▶

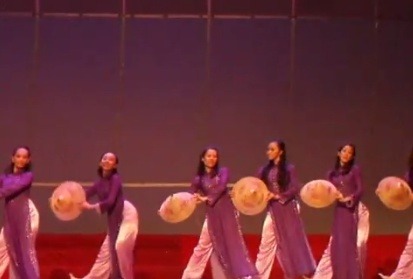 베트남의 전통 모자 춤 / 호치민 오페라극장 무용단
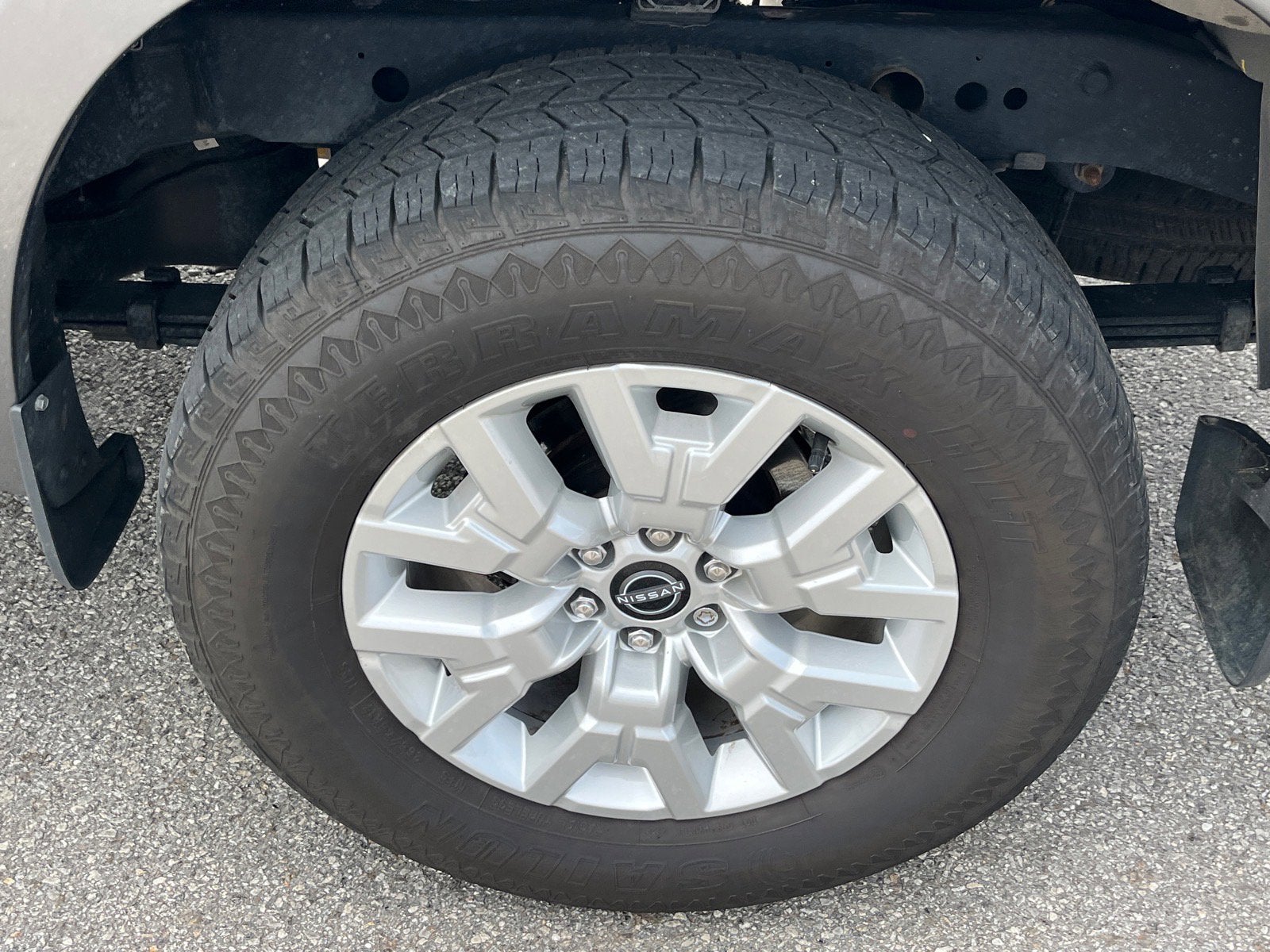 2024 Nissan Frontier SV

◀
▶

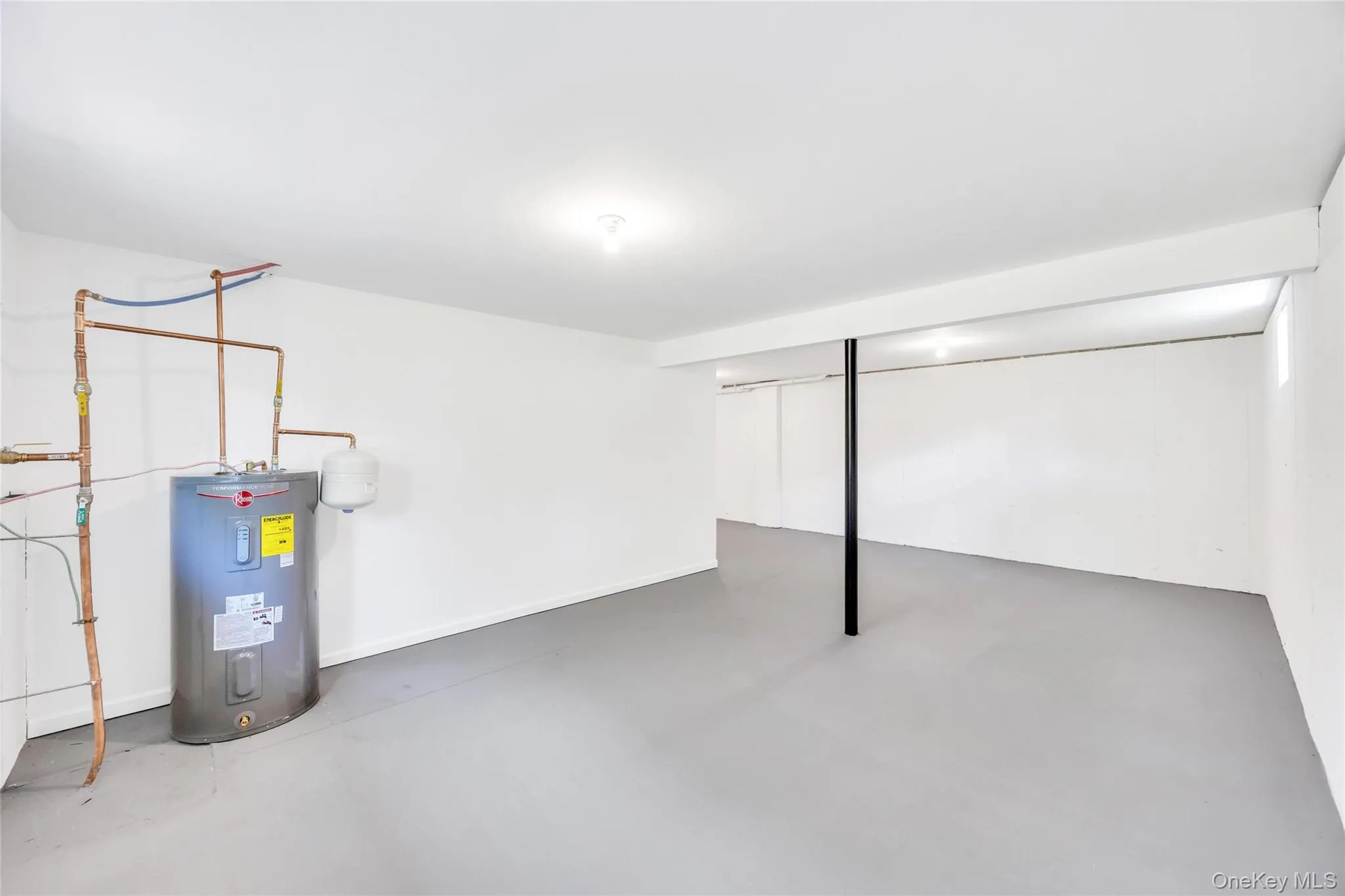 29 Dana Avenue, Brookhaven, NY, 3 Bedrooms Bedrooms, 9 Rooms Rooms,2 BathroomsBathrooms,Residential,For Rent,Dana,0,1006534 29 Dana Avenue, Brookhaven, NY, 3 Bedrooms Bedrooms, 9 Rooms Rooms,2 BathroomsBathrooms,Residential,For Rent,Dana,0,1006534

◀
▶

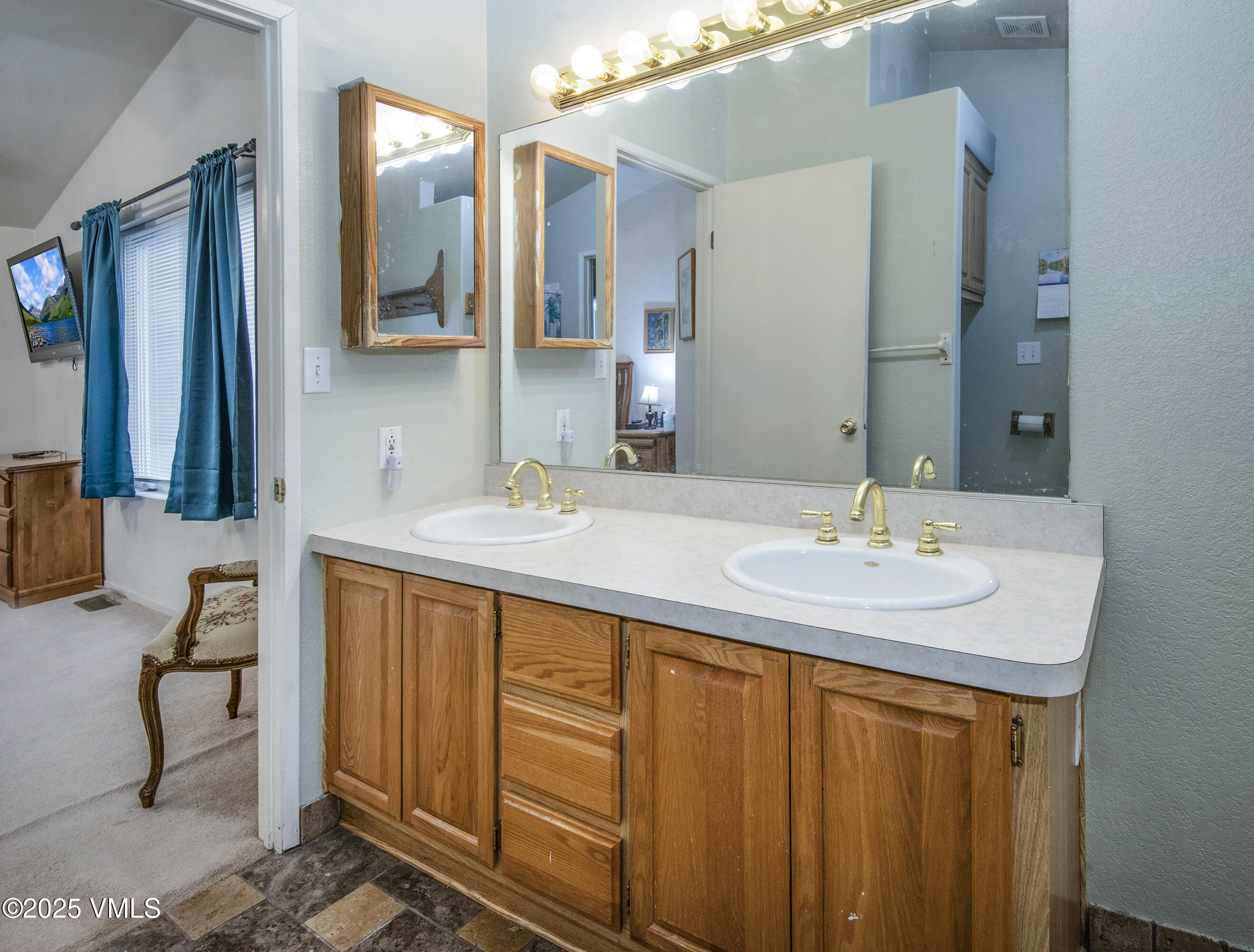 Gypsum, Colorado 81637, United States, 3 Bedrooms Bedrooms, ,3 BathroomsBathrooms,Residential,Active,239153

◀

Give the lines above again exactly, from the one containing "베트남의 전통 모자 춤 / 호치민 오페라극장 무용단" to the one containing "2024 Nissan Frontier SV", both included, but leave out the pictures.

 베트남의 전통 모자 춤 / 호치민 오페라극장 무용단
 2024 Nissan Frontier SV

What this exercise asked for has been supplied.